For the Richard Wurmbrand Story, make copies of the Morse Code alphabet and have the children decode Bible verses or other messages in it. Explain the difference between Communism and Free Enterprise. Good scriptures are Hebrews 13:5 (Keep your life free from love of money, and be content with what you have, for he has said, “I will never leave you nor forsake you.”) and I John 4:4 (Little children, you are from God and have overcome them, for he who is in you is greater than he who is in the world.)
For the Gladys Aylward Story write her nickname “The Virtuous One,” in Chinese. Use the “beautiful feet” scripture (Romans 10:15) to show the sequence of beautiful feet being sent, preaching, hearing, and believing. This ties in with the fact she was “foot inspector.” Bring in pictures from the Internet of the practice of footbinding in China and why it had to stop. Find out why Gladys Aylward did not care for the movie Inn of the Sixth Happiness and explain this to the children.

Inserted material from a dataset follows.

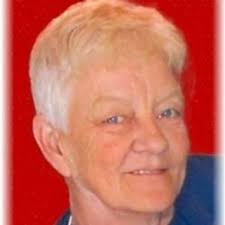 Patricia A. Mannion Obituary January 2, 2013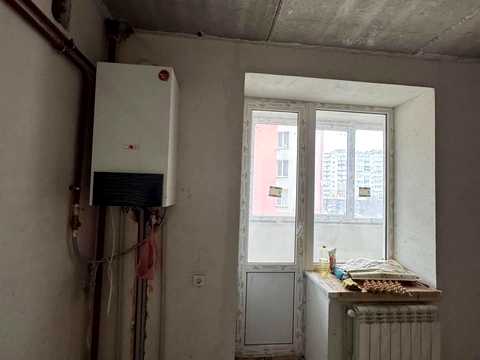 квартира по адресу Троллейбусная ул., 24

For the Eric Liddell Story use the Torchlighters® game of a torch relay, emphasizing the need to pass on Christian faith to others. All sorts of Olympic games can be adapted for class participation and you can award medals. Use the scripture passage 1 Corinthians 9:23-27 to show how we must train ourselves spiritually.
For the Jim Elliot Story, copy blank maps of South America and have the children fill in the thirteen countries. Pray over the work of missionaries and people in each of those countries. Tell stories of missionaries to some of those countries.
Bible Giveaway Event
Combine a showing of The William Tyndale Story with a children’s Bible giveaway OR a Bible retrieval event (old Bibles are collected, along with funds to send them to needy areas). The video God’s Outlaw, a dramatic feature length film portraying the life of Tyndale, is a perfect option for a concurrent adult program. This Bible focused event is a great way to begin a unit study on the history of the Bible using a program such as Discovering the Bible.
Sunday School or Children’s Church Reward
Set up a system where kids can earn their own Torchlighter® DVDs by earning points through Bible memory work or through service hours.
Summer Reading Club Party
Cap off your church’s summer reading club with a party and a showing of The John Bunyan Story. Invite kids to share what they’ve learned through reading over the summer. Read The Young Pilgrim’s Progress as part of your event. Copies of the video and/or the book could be used as prizes for kids who’ve earned the most points in the reading club.
Torchlighers Relay
Recommended for use with any episode of The Torchlighters.®
Tube cover (PDF), printed on blue paper if desired (one per student).
Torch Craft: Give each student a tube and a tube cover. Have them glue the tube cover around the tube so the art and the words show. Distribute three sheets of tissue paper to each student. Stack the sheets of tissue and then pick them up together in the middle. Stuff the middle down into the top of the paper torch and pull the ends up to create a “flame.”
Torch Relay: Follow the instructions for the paper torch craft, but do not add the “flames.” Divide the class into two teams and form two relay lines. Place the red, yellow and orange tissue paper at the finish line in piles. Give the first student in each line a torch with a flame already in it. The first student will carry his or her torch, run to the finish, grab the three different colors of tissue squares and run back. He or she will then stuff the tissue into the “torch” of the next student, thereby lighting the paper “flame.” This student will now carry his or her torch to the end and bring back tissue paper for the next student in line. The winning team is the first one to have all their paper torches lit with the tissue paper flames.
DISCUSS: What do you think it means to be a “torchlighter”? How can you use your talents to pass a flame of faith, like a “torchlighter”?